Records provided:
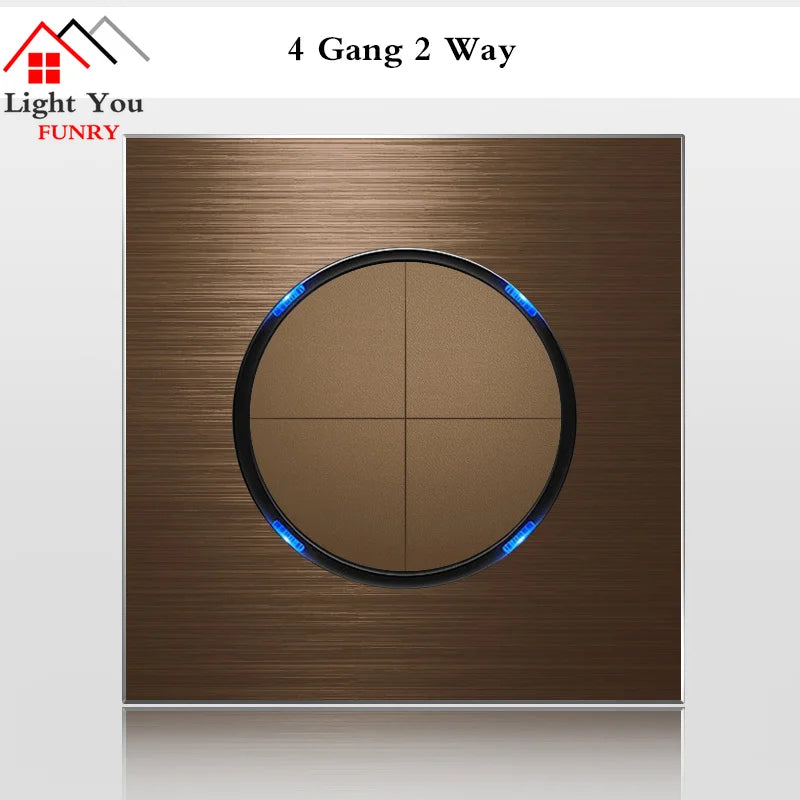1 2 3 4 Gang 1 Way 2 Way Household Wall Switch Socket Aluminum Brushed Brown Panel LED Indicator Switch 86*86mm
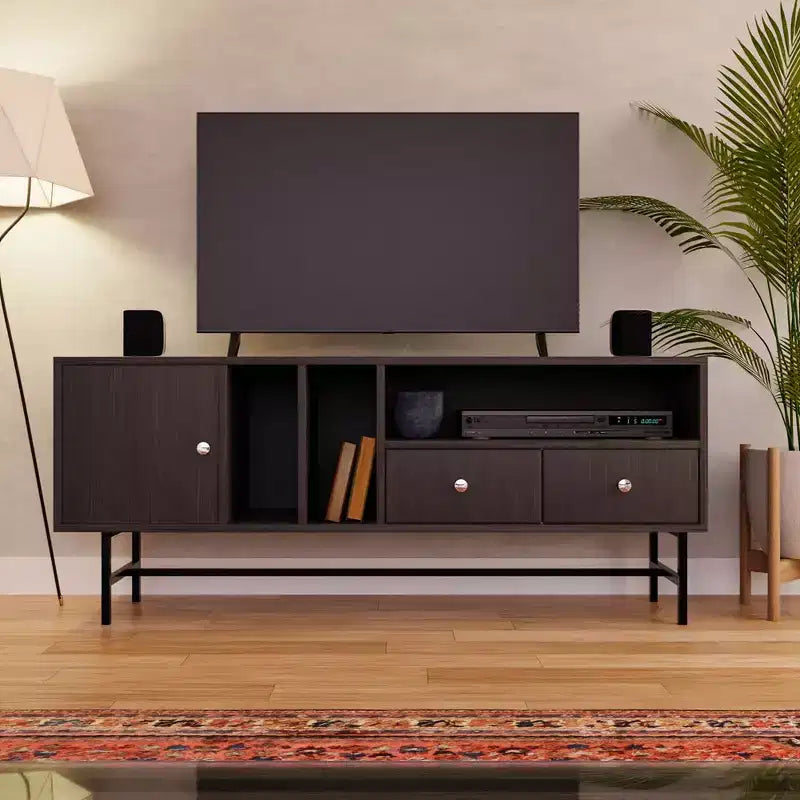 Mid-Century Modern TV Stand with MDF Frame, Enclosed Storage and Black Iron Legs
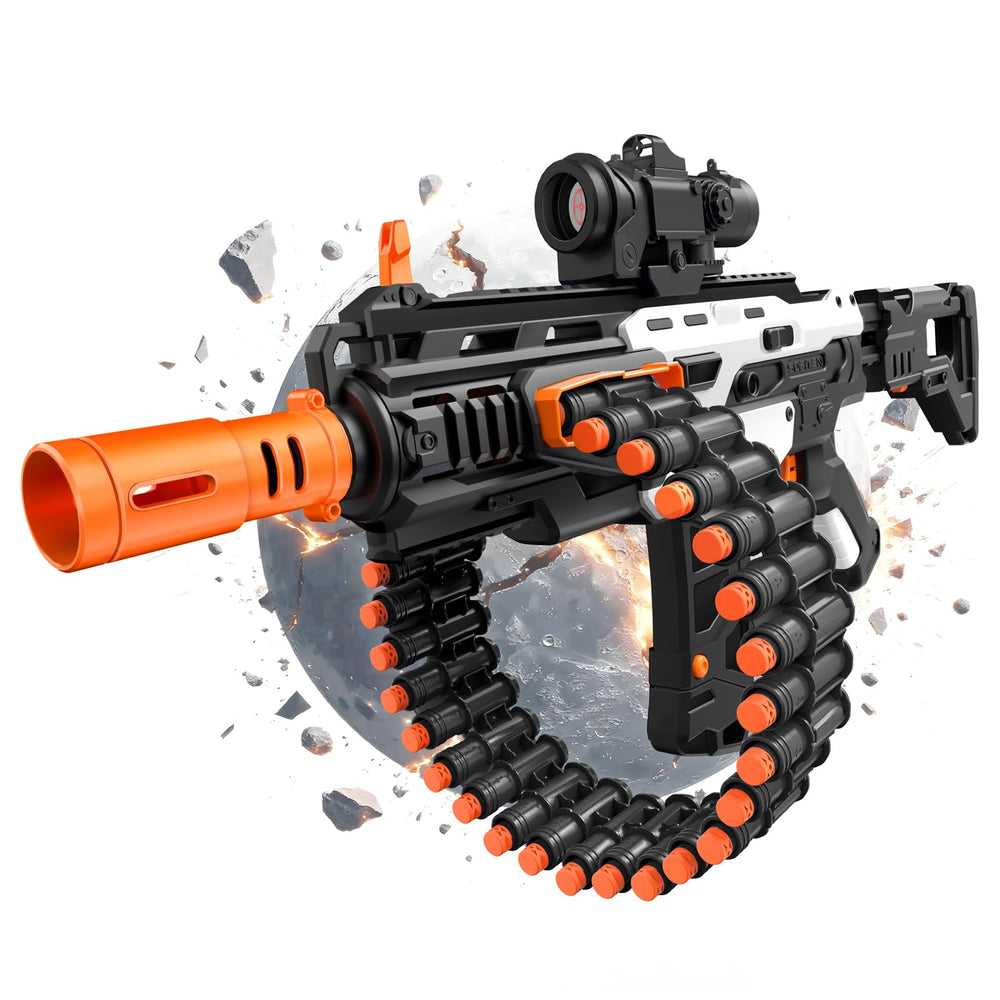 SOFITEN electric auto toy gun with scope, ideal for backyard battles and precise aiming
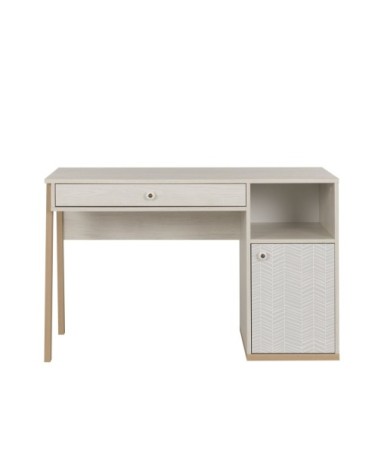 Bureau avec 1 niche, 1 porte et 1 tiroir - Blanc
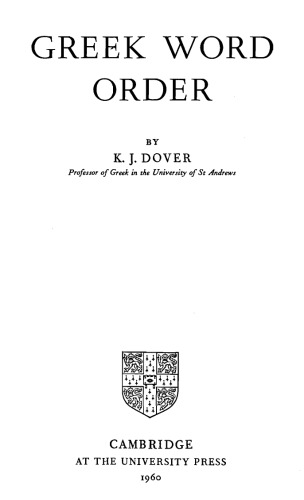 Greek Word Order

Task instructions: Each line from the one holding "SOFITEN electric auto" through the end of the listing is to be output exactly, both ends included, with no other lines and the pictures left out.

Task solution:
 SOFITEN electric auto toy gun with scope, ideal for backyard battles and precise aiming
 Bureau avec 1 niche, 1 porte et 1 tiroir - Blanc
 Greek Word Order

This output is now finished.